Marcelo Cohen viajó a España a fines de 1975, semanas después de la muerte de Franco y tres meses antes de la asunción de Videla en la Argentina. Tenía veinticuatro años y militaba en el Partido Comunista. A pesar de que su idea era pasar un año o dos en Europa, con más espíritu de aventura que de huida, la situación política en nuestro país cambió los planes. Se quedó a vivir en Barcelona y volvió definitivamente a Buenos Aires veinte años más tarde.

Antes de irse a España, publicó dos libros de cuentos: Lo que queda, en 1972, con prólogo elogioso de Abelardo Castillo, y Los pájaros también se comen. En este último, se destaca «El mar dulce», la historia de dos adolescentes que salen a remar por el Delta del Paraná. Uno quiere mostrarle al otro la magnificencia del Río de la Plata. Para eso reman, mientras conversan sobre una chica que les gusta y sobre los exploradores españoles que habían confundido el río con un mar de agua dulce. Los amigos llegan a la desembocadura, admiran por unos momentos la inmensidad y dan la vuelta. En el regreso, después de haberse diluido en el paisaje, ya nada es tan importante como antes.

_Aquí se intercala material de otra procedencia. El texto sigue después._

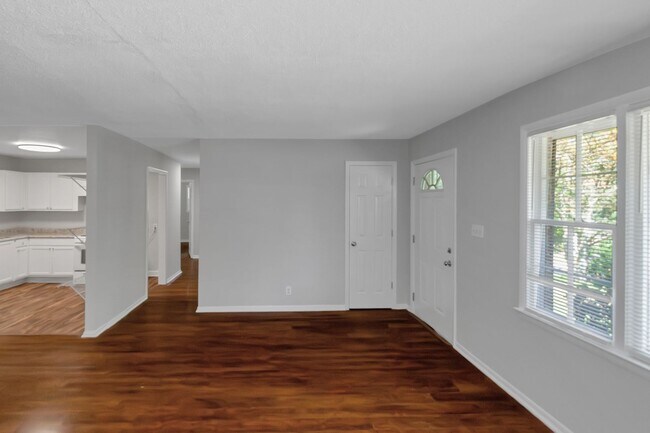 Building Photo - Don’t Miss Out! Look, Lease, and Live Spec...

Un puñado de elementos de este relato se han mantenido firmes en la literatura de Cohen: los lazos de amistad, la vocación por explorar y por nombrar, el espacio del Delta. Sin embargo, la narrativa que desarrolló en el exilio, y luego continuó al regresar a la Argentina, no es así de epifánica. Más bien al contrario, se volcó por completo a las distopías: mundos fantásticos e indeseables, semidestruidos, oscuros, pesadillas factibles.

Cohen pone en escena, con maestría, diferentes modos del encierro. En Insomnio, su segunda novela, todo transcurre en Bardas de Krámer, una ciudad patagónica imaginaria controlada por un ejército interamericano. Los militares, día a día, deciden quién puede salir de allí.

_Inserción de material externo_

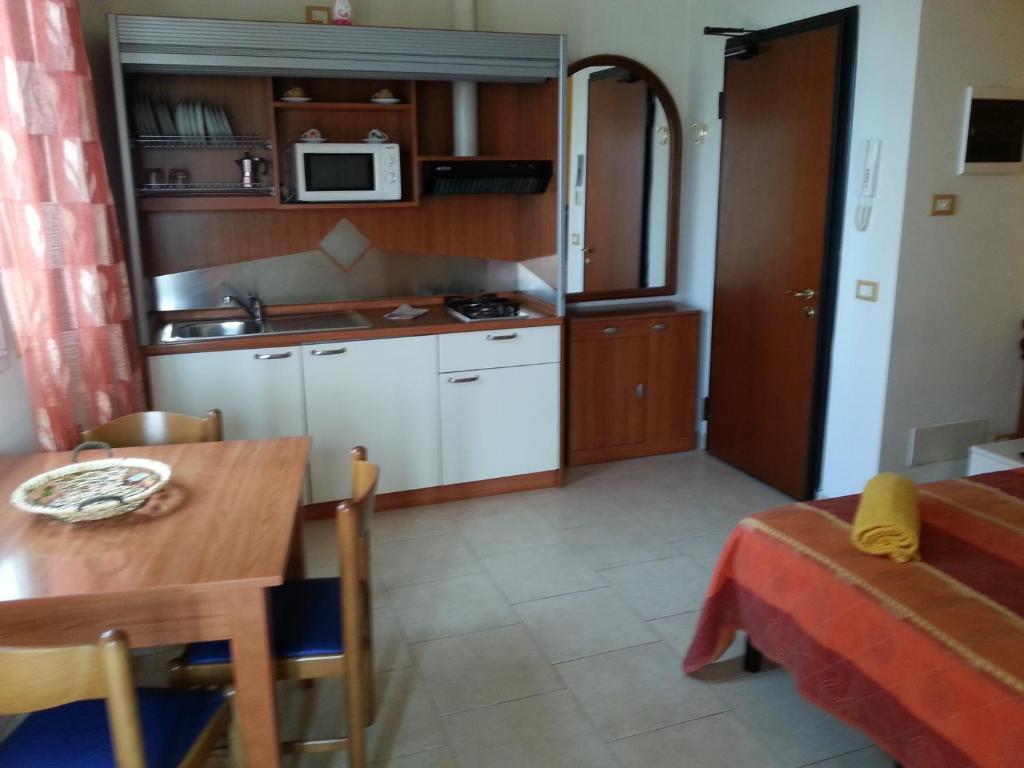 Residence La Villetta Rimini Bagian luar foto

Lorelei es el escenario de El oído absoluto, distopía disfrazada de utopía: una especie de Disneyland de entrada libre y gratuita, donde el autoritarismo queda oculto detrás de una máscara de filantropía y sanación.

El primer relato de El fin de lo mismo, «La ilusión monarca» (título tomado de un verso de su poeta preferido, César Vallejo), trata sobre una cárcel de puertas abiertas, con salida al mar. Los presos pasan las horas imaginando cómo escapar y miran el horizonte con esperanzas. El problema es que los que se animan a nadar vuelven muertos, traídos por las olas. Los personajes, por lo tanto, conversan, hacen planes y temen.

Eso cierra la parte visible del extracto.